But despite being the Wings’ top goal-scorer during the regular-season – he led the team with 28 – Franzen is coming into the playoffs cold, tallying only two goals since Feb. 2, the day of his five-goal explosion at Ottawa.

When asked if he thought that his five-goal game would be a catalyst for a high-scoring season, Franzen replied, “No, probably the opposite.”

“It’s just one of those games where everything comes to you,” he said. “I didn’t read anything into that game. Just a lucky game.”

Luck or not, there’s no doubt Franzen’s goal-scoring ability is crucial to the Wings’ chance at a deep run into the playoffs this spring. Fortunately, Franzen has a history of stepping up his game when the spring rolls around and the playoffs usher in a new intensity.

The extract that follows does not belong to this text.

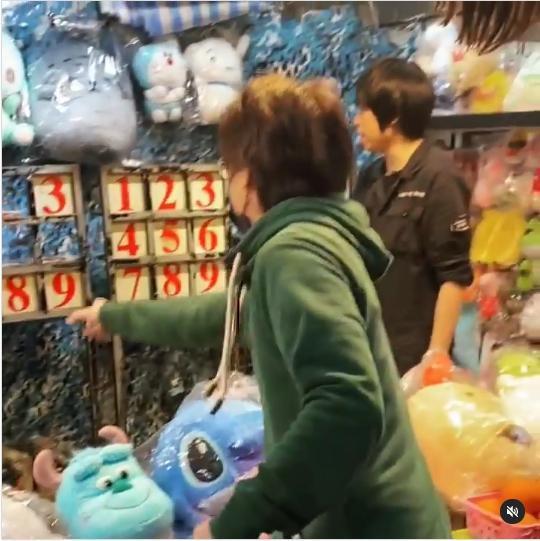 HowHow在士林夜市玩棒球九宮格,老闆側臉超像五月天阿信。(翻攝自howhowhasfriends Instagram)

Three years ago, Franzen set a franchise playoff record when he scored nine goals in a four-game sweep of the Colorado Avalanche, breaking legendary Gordie Howe’s mark of seven goals scored in a single playoff series 59 years earlier.
 
“The whole team is stepping it up and taking it to the next level,” said Franzen, who has 69 points in 75 career playoff games. “The games are tighter and it’s intense out there. I thrive on that, and I think the team does as well. We play better, and I play better.”

But the goals won’t come if Franzen doesn’t have the confidence to shoot. Fortunately, the playoffs are perfectly suited to inspire more shots from the Mule.

“I think you start shooting more in the playoffs,” Wings forward Tomas Holmstrom said. “Maybe he hasn’t been shooting all the pucks, holding onto them for too long. He’s got a great shot so maybe he’s got to get in playoff mode and he’ll start shooting more.”

The relative cold streak for Franzen doesn’t seem to faze him. He said he doesn’t worry about scoring less than he is probably used to. And maybe he shouldn’t. If Franzen can just play his game, the goals will come. Holmstrom summed it up nicely:

“If you’re a goal-scorer, you’re going to score goals.”

Detroit fans will be hoping it’s that easy. Their team’s playoff chances could depend on it.